Free to Learn
Taking a break from SVS Press books but still wanting to continue my Sudbury research, I picked up Free to Learn, an examination of what it means to play from an anthropologist (and also father of an SVS student)'s perspective. I'm not sure I really have much to say in review because I completely internalized the entire thing while reading it, enjoying it much more than I expected to. It's an easy read, apparently, as Gray's words leapt off the page and melded themselves immediately into my view of reality.
One of the things I enjoyed most about Free to Learn is the scale from which Gray speaks as an anthropologist.
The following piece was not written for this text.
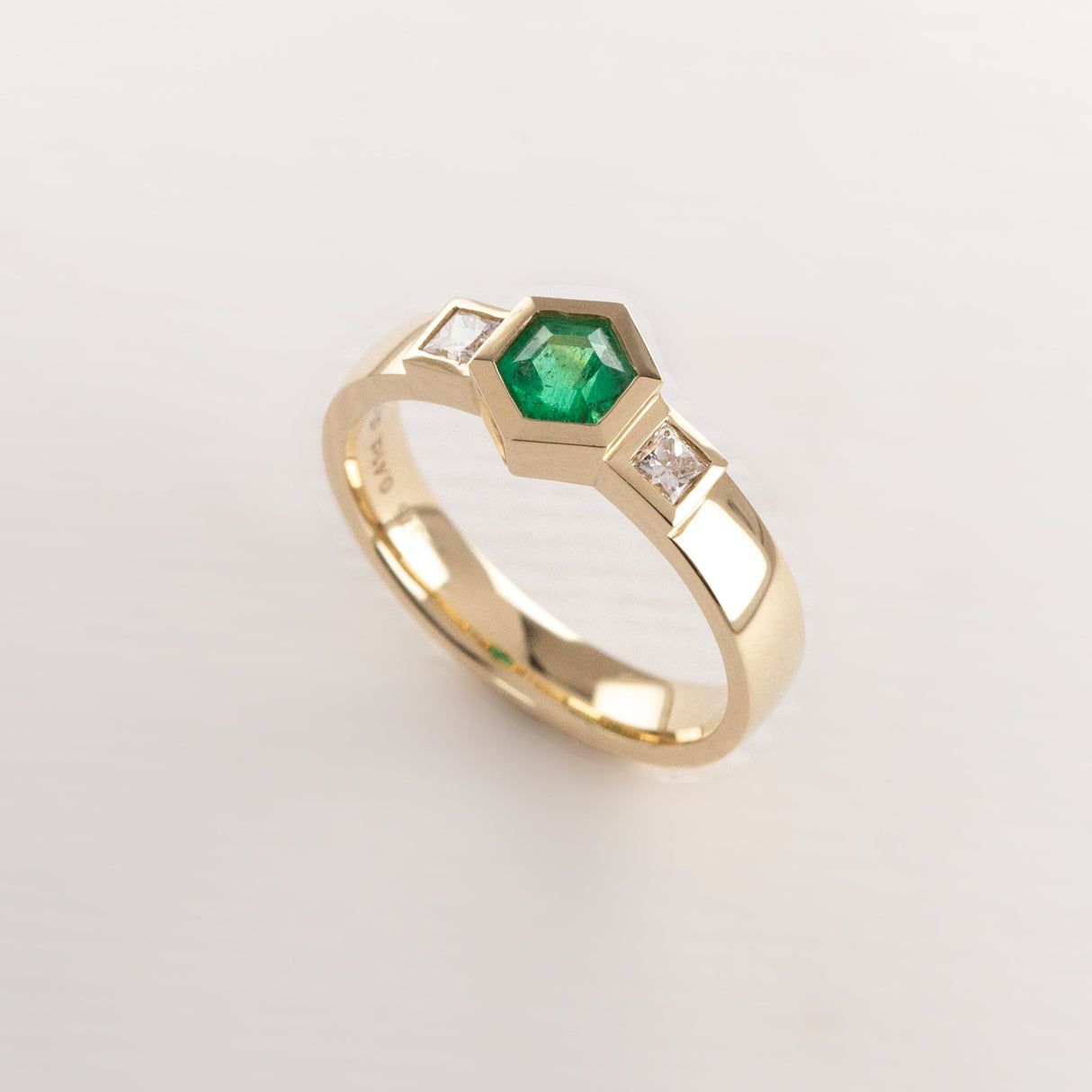 Little Princess ring with Emerald and Diamonds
While exploring the world of alternative education, most every bit of literature I come across asks the Why question--"Why is our education system the way it is?" To which the unanimous response reads, "Well, the Industrial Revolution." But Gray, not accepting that as the complete answer, explores further, back to hunter-gatherers, the earliest humans, and plays with concepts he finds there.
In fact, play is exactly what he does, as he, himself, admits. "...I would estimate that my behavior in writing this book is about 80 percent play. That percentage varies from time to time as I go along; it decreases when I worry about deadlines or how critics will evaluate it, and it increases when I'm focused only on the current task of researching or writing. ... I am taking into account not just my sense of freedom about doing it, my enjoyment of the process, and the fact that I'm following rules (about writing) that I accept as my own, but also the fact that a considerable degree of imagination is involved. I'm not making up the facts, but I am making up the way of stringing them together. Furthermore, I am constantly imagining how they will fit into the whole structure I am trying to build, one that does not yet exist as concrete reality." (p. 140, 151) That play through which Gray writes is palpable throughout and makes for an entirely enjoyable experience.
Before reading Free to Learn, I knew, perhaps only through intuition, that play was an important part of learning, just not to this extent. Gray teaches us, through an examination of evolution, that play IS learning and that it is a powerful force, indeed. I can't recommend this book highly enough.